_Task_
Beneath this task is a listing; retype all of it exactly.

_Information supplied_
================================

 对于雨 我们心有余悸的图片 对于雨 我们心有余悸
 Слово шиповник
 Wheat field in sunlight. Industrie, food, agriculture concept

================================

_Output below_
 对于雨 我们心有余悸的图片 对于雨 我们心有余悸
 Слово шиповник
 Wheat field in sunlight. Industrie, food, agriculture concept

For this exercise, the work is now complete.